Postwar Iraq likely to cost more than war
WASHINGTON (AP) - The U.S. bill for rebuilding Iraq and maintaining security there is widely expected to exceed the war's price tag, but the Bush administration is offering only hazy details about the multibillion-dollar totals.
Private analysts have estimated that the cost of U.S. military and nation-building operations in Iraq could reach $600 billion.
But the closest the administration has come to estimating America's postwar burden was when Paul Bremer, the U.S. administrator of occupied Iraq, said last month that "getting the country up and running again" could cost $100 billion and take three years.
He estimated that repairing Iraq's electrical grid alone will cost $13 billion and getting the water system in shape will require an additional $16 billion.
In a recent interview on CNBC's Capital Report, Bremer said of rebuilding costs: "It's probably well above $50 billion, $60 billion, maybe $100 billion.

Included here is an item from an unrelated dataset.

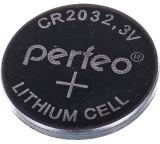 Батарейка литиевая PERFEO CR2032-ВС5 lithium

It's a lot of money."
President Bush and other administration officials have refused to provide projections, saying too much is unpredictable. That has angered lawmakers of both parties, who are writing the budget for the coming election year even as federal deficits approach $500 billion.
"I think they're fearful of having Congress say, 'Oh, my God, this thing is going to be very costly,'" said Rep. Jim Kolbe, R-Ariz., chairman of the House Appropriations subcommittee that controls foreign aid.

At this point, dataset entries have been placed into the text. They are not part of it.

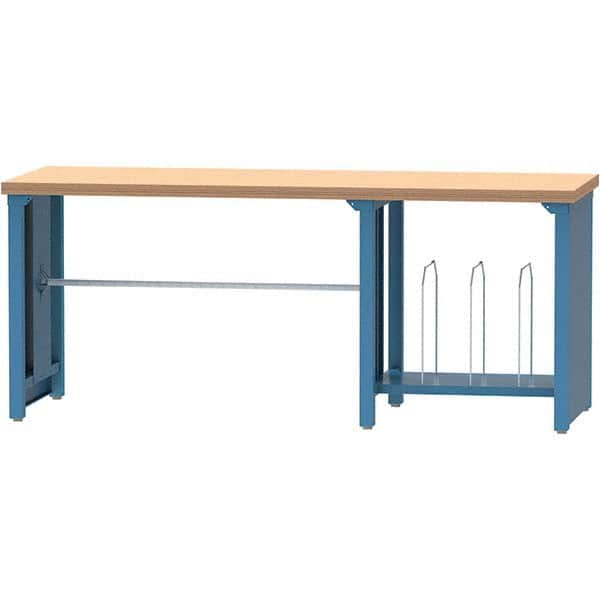LISTA - Stationary Work Benches, Tables Type: Packaging Table Top Material: Butcher Block - Industrial Tool & Supply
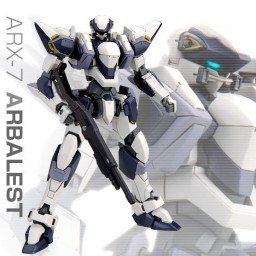 ARX-7 Arbalest, Full Metal Panic! The Second Raid, Alter, Action/Dolls, 1/60, 4560228208023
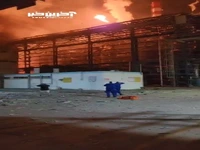 آتش سوزی گسترده در نیروگاه حیفا؛ شوک صهیونیست‌ها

More than three months after Bush declared an end to major combat operations in Iraq, even the cost of the ongoing U.S. military campaign remains clouded in confusing numbers.

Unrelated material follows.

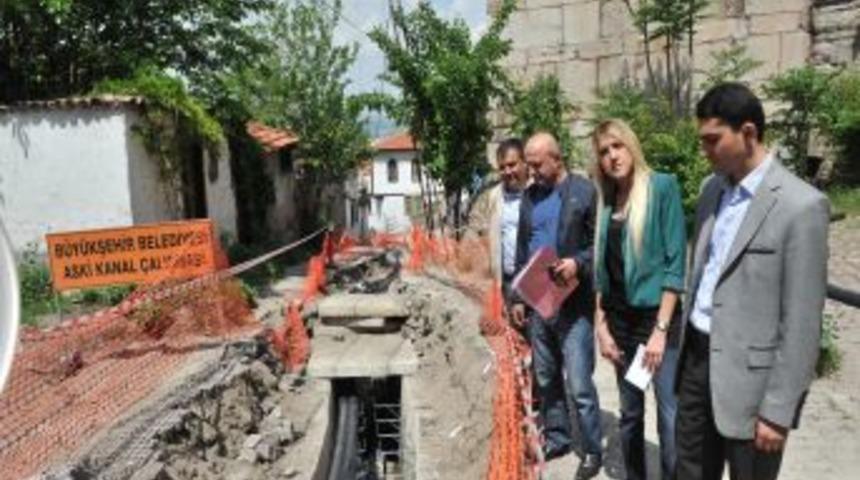 Ankara Kalesi'nin Altyapı Sorunu &Ccedil;&ouml;z&uuml;l&uuml;yor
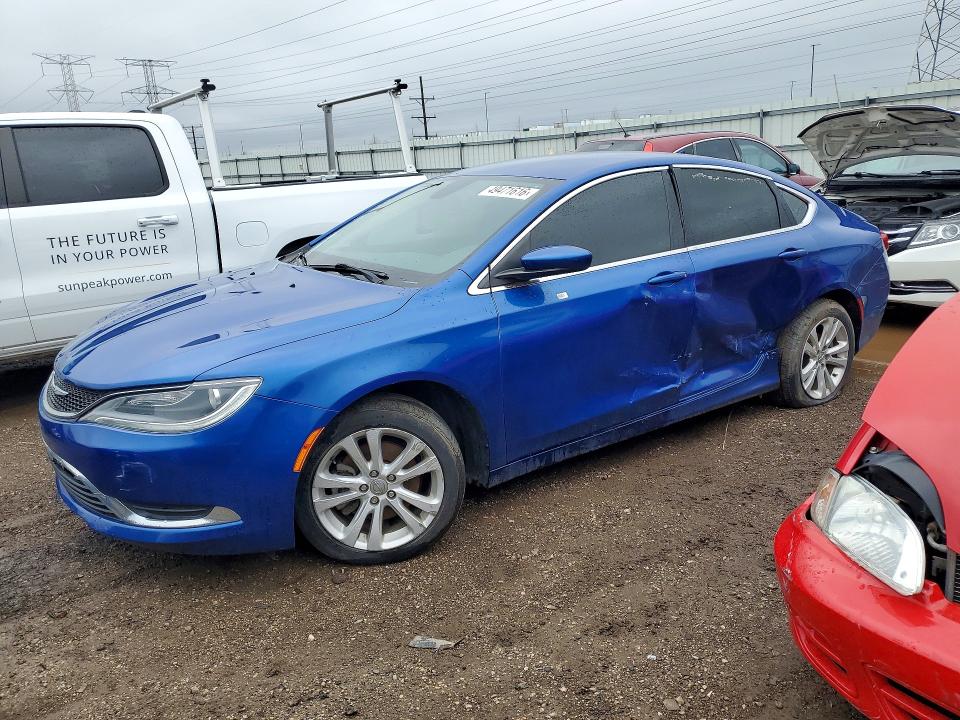 Продажа на аукционе авто 2016 Chrysler 200, vin: 1C3CCCAB5GN180082, номер лота: 49471616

Defense Department officials have said U.S. operations are costing about $3.9 billion monthly. But that figure excludes indirect expenses like replacing damaged equipment and munitions expended in combat.
Dov Zakheim, the Pentagon's top budget official, has said that when all the costs are combined, he expects U.S. military activities in Iraq to total $58 billion for the nine months from last January through September. That includes part of the buildup, the six weeks of heaviest combat that began March 20, and the aftermath.
That sum, however, is what Congress provided this year for Defense Department activities not only in Iraq but also against terrorism worldwide - including Afghanistan, where U.S. military costs are running about $1 billion a month, according to officials.
In a report last month, the nonpartisan Congressional Budget Office projected that Pentagon costs in Afghanistan and Iraq plus other U.S. military efforts against terrorism around the globe could reach $59 billion next year.
"What is necessary is to achieve an overall strategy and whatever it takes to achieve the strategy, this administration is committed to," Bush told reporters Friday, adding that accurate cost projections would come "next year at the appropriate time."
Lawmakers, meanwhile, are girding for a White House request for another $40 billion to $50 billion for 2004.
While acknowledging the difficulty of predicting Iraq costs, even White House allies find political factors behind the administration's reluctance to discuss dollars.
"They've got one eye on the deficit and they're trying to make sure the conservatives stay with them," said James Dyer, Republican chief of staff for the House Appropriations Committee. "Having said that, we have to pay these bills whether there's a deficit or not."
Kolbe, who is traveling with other members of Congress to Iraq and Afghanistan later this month, said the administration's reticence is "undermining the credibility that might exist" for the U.S. reconstruction of Iraq. "We've got to get on with it here and start acknowledging what some of these costs are going to be."
Private groups have produced their own estimates on postwar costs in Iraq.
Brookings Institution fellows Lael Brainard and Michael O'Hanlon said in a Financial Times article this month that military and reconstruction costs could be from $300 billion to $450 billion.
Taxpayers for Common Sense said postwar costs over the next decade could range from $114 billion to $465 billion. The American Academy of Arts and Sciences projected 10-year expenses from $106 billion to $615 billion.
Whatever the costs, administration officials have resisted making estimates on how much of them will be shouldered by U.S. taxpayers. They cite several uncertainties: the future numbers and missions of U.S. troops, contributions by allies, and revenue from the hobbled Iraqi oil industry and seized Iraqi assets.